The press is still in its full-on "Defend The One!" mode, so Obama is going to get a token grilling over it and the entire story will quietly fade away. BP will take many, many times the heat that will be directed at Obama for this.

The pictures of oil-soaked wildlife will be lain at BP's feet, not Obama's, even though there's plenty of things the administration could have done.

What? I am merely applying the standard for major disasters which was applied to the Bush administration for its handling of New Orleans after Katrina. If the White House is responsible for state-level failures in 2005, then the White House is responsible for similar failures in 2010. You can't have it both ways: either Katrina was Bush's fault, in which case this oil spill is Obama's...or else the oil spill is not Obama's fault, in which case Katrina was not Bush's. I don't care which you adhere to, but if you're going to tell me that Katrina was Bush's fault, you'd better start blaming Obama for this shit.

Whatever resposibility the Obama administration may actually have (or not have) for what's going on down there, you can bet the press is not going to give a rat's ass about it. The same press which uncritically laid the blame for Katrina at Bush's feet.

* * *

Warning Signs has another good post up. The post starts with finance issues and then moves on to energy, and makes a great point:
The nation requires a dependable supply of electricity to keep EVERYTHING going. When the electricity stops, the nation will stop. It will be unable to function. Computers, the banks, the trains, the airlines, the supermarkets, gas station pumps, television, heating and cooling systems, elevators….EVERYTHING.
He's not overstating this. He really isn't.

"My car runs on gas!" Electricty pumps the gas that fuels your car. How much gas is in your tank right now? If the power went off for a week, and you couldn't get any more gas for that time, how would you cope?

"My stove is a gas-burning stove." Fair enough. How long does the gas continue to flow if the supply station doesn't have power, though?

The telephone system runs on electricity. You don't have a land line any longer? The cell towers require electricity. They have backup generators, of course--usually fueled with natural gas--but how long will those run? Particularly if everyone else is using natural gas to run generators? When the natural gas supply system also has no power?

We're not facing a universal blackout, it's true. What will happen--as the greenies get their way and conventional power generation is taxed to death--is we'll see ever-expanding rolling blackouts, ruinously high energy prices, and an overall decrease in supply. It'll also mean high unemployment, because an economy cannot function without energy.

* * *

My BakaBT ratio is now higher than it's ever been--nearing 30%--and I'm not downloading anything so it should climb even higher.

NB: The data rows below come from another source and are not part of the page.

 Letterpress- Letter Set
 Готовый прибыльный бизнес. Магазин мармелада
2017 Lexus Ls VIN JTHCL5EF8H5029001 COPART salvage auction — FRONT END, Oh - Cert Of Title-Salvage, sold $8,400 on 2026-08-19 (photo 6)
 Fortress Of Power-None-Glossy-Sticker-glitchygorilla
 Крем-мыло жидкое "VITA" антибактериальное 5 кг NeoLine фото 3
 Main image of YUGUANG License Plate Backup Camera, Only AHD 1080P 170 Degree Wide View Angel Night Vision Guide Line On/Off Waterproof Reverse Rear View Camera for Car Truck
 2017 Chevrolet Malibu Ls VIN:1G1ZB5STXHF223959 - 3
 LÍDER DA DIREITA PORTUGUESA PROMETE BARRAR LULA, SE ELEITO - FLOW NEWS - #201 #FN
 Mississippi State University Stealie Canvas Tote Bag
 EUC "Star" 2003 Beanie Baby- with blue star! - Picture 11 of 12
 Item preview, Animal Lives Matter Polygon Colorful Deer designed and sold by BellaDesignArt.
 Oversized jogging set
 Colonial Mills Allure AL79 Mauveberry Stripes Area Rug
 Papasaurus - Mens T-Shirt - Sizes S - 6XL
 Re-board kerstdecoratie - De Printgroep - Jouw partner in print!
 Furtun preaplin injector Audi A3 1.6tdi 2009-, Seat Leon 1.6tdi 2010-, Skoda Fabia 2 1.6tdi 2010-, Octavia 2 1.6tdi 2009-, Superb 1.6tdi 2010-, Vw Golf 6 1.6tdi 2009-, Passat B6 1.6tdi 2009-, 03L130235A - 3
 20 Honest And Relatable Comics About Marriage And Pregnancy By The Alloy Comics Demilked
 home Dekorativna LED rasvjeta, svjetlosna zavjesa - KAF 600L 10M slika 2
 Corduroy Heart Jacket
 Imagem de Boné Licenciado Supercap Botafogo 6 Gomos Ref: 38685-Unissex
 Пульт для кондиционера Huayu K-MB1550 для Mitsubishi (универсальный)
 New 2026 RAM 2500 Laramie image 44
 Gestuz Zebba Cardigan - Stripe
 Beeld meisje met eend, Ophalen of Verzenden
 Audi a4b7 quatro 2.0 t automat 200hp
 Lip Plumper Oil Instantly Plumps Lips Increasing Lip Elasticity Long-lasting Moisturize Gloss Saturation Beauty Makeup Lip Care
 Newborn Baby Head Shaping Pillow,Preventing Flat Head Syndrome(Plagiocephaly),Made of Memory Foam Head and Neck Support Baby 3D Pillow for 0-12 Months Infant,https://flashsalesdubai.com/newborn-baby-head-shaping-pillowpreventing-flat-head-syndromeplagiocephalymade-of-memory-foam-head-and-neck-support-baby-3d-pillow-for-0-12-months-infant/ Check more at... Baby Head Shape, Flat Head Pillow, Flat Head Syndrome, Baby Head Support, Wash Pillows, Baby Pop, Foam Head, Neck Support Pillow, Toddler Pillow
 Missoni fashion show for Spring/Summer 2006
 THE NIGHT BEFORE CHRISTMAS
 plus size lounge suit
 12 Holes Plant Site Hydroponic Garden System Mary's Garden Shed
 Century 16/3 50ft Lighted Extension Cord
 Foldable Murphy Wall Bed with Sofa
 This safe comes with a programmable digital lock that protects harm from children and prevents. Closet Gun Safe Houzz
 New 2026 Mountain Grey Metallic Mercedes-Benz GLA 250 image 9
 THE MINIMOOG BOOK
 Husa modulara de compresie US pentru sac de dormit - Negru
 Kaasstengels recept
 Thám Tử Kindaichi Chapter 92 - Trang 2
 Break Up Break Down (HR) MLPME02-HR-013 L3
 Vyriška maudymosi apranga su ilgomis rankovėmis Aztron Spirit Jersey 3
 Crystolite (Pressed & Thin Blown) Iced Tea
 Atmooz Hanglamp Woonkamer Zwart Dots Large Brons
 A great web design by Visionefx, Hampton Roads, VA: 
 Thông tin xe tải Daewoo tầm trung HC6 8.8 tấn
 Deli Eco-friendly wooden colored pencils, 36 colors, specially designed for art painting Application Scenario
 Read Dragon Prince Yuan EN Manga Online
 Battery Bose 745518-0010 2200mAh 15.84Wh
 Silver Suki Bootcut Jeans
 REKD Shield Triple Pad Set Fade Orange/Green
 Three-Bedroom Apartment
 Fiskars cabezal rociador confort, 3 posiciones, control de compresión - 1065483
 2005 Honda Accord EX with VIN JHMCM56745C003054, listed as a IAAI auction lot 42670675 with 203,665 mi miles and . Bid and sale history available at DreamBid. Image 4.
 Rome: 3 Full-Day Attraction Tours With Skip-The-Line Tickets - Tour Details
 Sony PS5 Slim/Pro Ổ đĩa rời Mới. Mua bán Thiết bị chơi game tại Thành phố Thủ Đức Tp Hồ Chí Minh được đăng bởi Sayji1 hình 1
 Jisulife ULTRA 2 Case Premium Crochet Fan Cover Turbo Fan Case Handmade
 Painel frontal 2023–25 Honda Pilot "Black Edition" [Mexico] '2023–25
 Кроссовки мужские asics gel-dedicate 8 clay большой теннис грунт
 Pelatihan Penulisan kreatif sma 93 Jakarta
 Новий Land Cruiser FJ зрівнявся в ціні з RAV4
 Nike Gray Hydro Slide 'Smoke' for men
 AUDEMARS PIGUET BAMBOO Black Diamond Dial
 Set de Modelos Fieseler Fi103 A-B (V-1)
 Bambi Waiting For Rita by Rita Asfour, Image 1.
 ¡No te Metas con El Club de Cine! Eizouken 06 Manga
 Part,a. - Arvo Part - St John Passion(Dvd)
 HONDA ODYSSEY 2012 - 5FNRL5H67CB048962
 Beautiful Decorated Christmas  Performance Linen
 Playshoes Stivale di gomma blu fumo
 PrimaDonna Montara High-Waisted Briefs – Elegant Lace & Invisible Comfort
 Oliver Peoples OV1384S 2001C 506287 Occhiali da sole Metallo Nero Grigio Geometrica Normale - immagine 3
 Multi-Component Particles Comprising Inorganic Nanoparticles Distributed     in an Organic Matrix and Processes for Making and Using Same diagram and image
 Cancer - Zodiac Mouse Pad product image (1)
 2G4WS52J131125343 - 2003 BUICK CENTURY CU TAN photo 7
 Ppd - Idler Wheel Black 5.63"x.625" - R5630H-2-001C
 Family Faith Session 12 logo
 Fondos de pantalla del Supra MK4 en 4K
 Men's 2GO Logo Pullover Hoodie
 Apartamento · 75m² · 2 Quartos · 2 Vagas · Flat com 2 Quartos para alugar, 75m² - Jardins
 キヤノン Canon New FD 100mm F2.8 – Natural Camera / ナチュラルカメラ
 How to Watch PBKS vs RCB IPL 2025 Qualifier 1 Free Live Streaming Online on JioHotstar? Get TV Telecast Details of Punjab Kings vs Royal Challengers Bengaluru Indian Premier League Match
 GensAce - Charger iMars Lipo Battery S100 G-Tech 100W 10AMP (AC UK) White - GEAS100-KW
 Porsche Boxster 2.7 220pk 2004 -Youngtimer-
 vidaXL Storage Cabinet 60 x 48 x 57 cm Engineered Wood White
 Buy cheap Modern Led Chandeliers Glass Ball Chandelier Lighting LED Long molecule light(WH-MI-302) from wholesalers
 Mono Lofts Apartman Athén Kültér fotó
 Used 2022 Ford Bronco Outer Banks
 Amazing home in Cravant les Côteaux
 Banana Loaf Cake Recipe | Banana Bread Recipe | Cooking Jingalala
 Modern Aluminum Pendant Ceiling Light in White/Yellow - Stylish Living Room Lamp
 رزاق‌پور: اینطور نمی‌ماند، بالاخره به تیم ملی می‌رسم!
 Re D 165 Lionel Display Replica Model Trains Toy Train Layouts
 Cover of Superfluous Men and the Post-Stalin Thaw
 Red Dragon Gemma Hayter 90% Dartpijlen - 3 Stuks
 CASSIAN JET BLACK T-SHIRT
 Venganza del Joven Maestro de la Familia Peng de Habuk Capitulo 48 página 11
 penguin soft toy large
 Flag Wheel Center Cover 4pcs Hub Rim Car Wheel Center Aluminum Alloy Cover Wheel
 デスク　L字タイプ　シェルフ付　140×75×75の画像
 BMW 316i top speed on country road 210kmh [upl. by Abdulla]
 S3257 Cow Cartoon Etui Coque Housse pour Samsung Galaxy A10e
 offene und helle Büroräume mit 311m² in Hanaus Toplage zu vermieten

I can run uTorrent in the background while doing just about anything I normally do, and as long as it's only uploading I barely notice the difference.

Over the past several days I've been following a pattern: play WoW until about 3, log out intending to go to bed...and then futz around for three or four hours, realizing only after the birds have started chirping that the sun is rising and it's after 6 and I'm still not in bed....

So that's it: I'm going to bed now. Good night.